では、100点を取ることがなぜ本当の悔しさを知ることになるのか。
その理由は、100点を取ると取った人全員が、1位になるからだ。たとえ、100点の人が200人いたとしても、全員1位。ここがポイントだ。
こういった試験で、ケアレスミスで1問間違えて95点だった場合、どうなるだろうか。
すると、子どもはもう同じ悔しさを味わいたくないし、100点を取って1位の快感をまた味わいたいから、それ以降はケアレスミスがないか、解答用紙をしっかり見直すようになるのです。(P.163)
確かにたった1問間違っただけで、順位が何十番も下がってしまうのは、子どもでも悔しいに違いない。
たった1問で大きく差がつく経験をする、というのは確かに「もっと気をつけよう」と思わせるには効果的だ。
知識と経験が増えればミスは減る
田邉氏は、ケアレスミスのもう一つの原因として「知識量が少ないこと」を挙げる。
これは、大人も仕事で体感したことがあるはずだ。
仕事でわからないことがあってつまずいていたことも、経験を重ねていくと以前つまずいていたことがすんなりできるようになった。そんな経験は筆者も覚えがある。

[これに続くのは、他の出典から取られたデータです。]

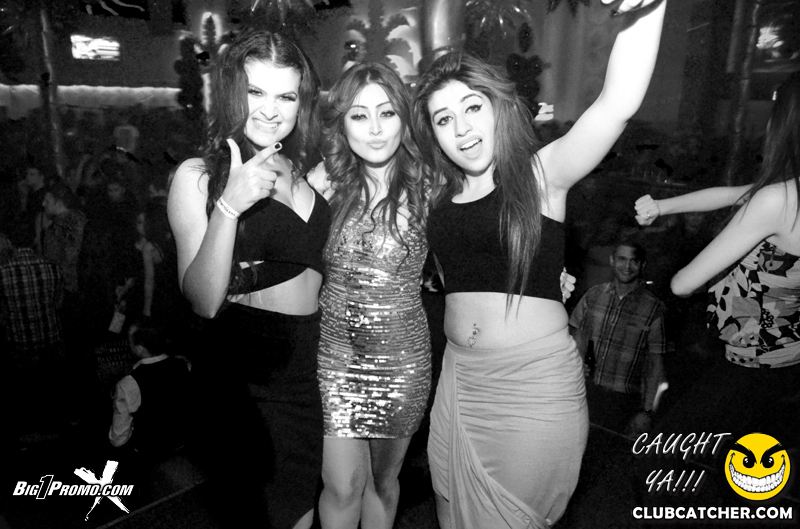 Luxy nightclub photo 142 - March 15th, 2014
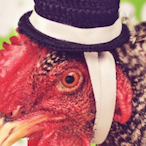 AClassyChicken's Avatar'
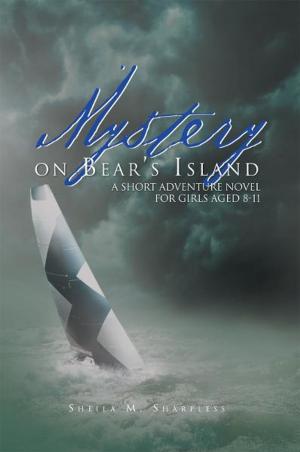 Cover of the book Mystery on Bear's Island by John Ryan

これを、田邉氏は「100の知識で100を目指そうとするとギリギリの勝負になるが、150の知識があれば闘いやすくなる」と説明する。
知識量が増えていくことで改善するケースがあるということを、親も知っておくとイライラしなくていいだろう。
大事なのは、子ども自身のマインドセット
このようにケアレスミスの理由と改善方法を聞くと、結局は子ども自身が「悔しい!」と思ったり、「もっとやりたい!」と感じたりする気持ちが勉強の成果に直結しているのだと実感する。
教育熱心になればなるほど、親は「なんでこんな簡単なミスをしたの!?」「もっと頑張りなさい!」とつい言ってしまうのかもしれないが、あまり効果はないのだろう。

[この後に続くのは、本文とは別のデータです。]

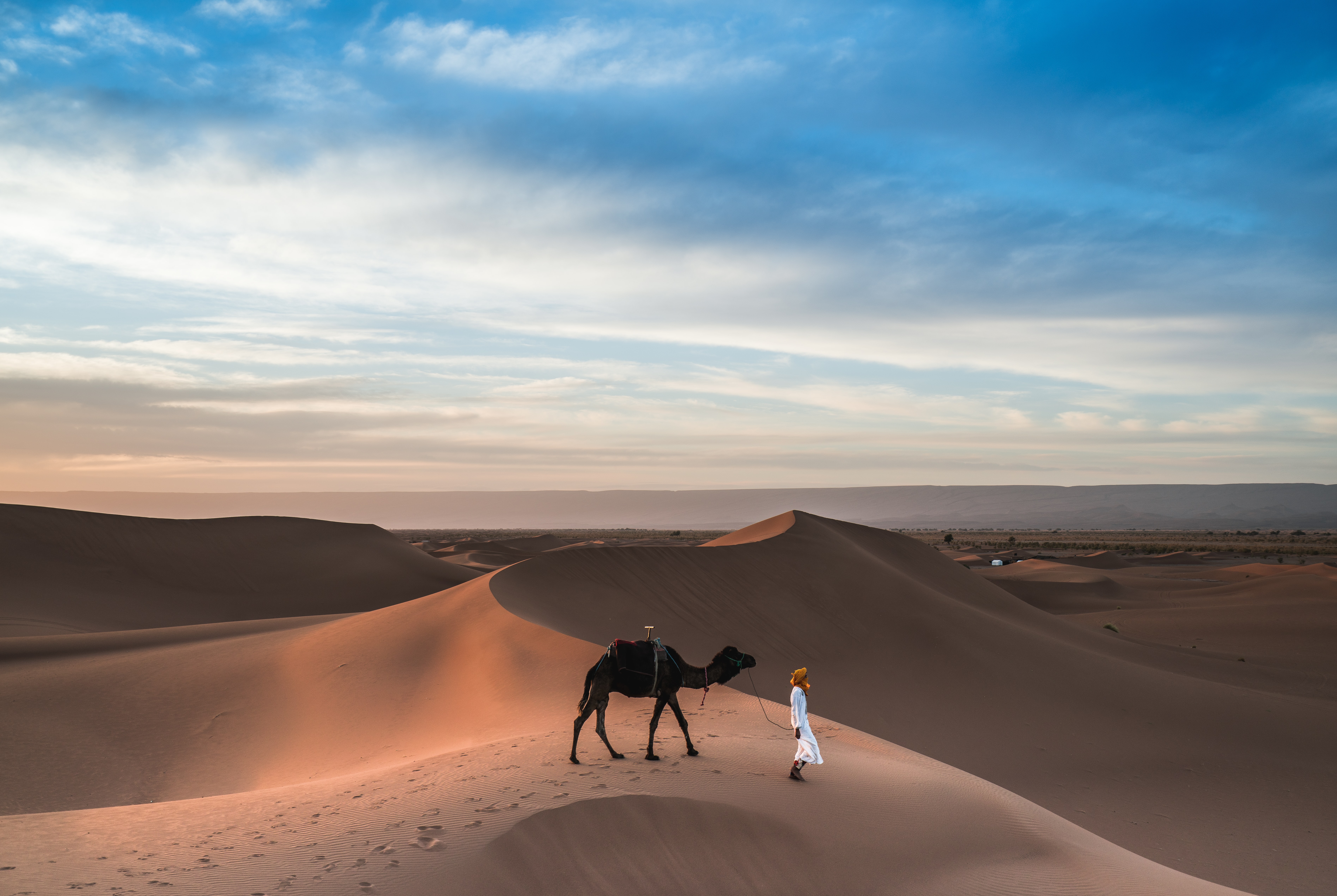 An introduction to the ungainly ship of the desert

英語のことわざに「馬を水辺につれていけても水を飲ませることはできない」というのがあるように、子ども自身に「もう間違わないぞ!」と思わせなければ根本的な解決にはならないのだから。
そういう気持ちになるような体験をさせたり、うまく声かけをしたりして、子どもの気持ちを前向きにさせていくことが、親が心がけるべきことなのかもしれない。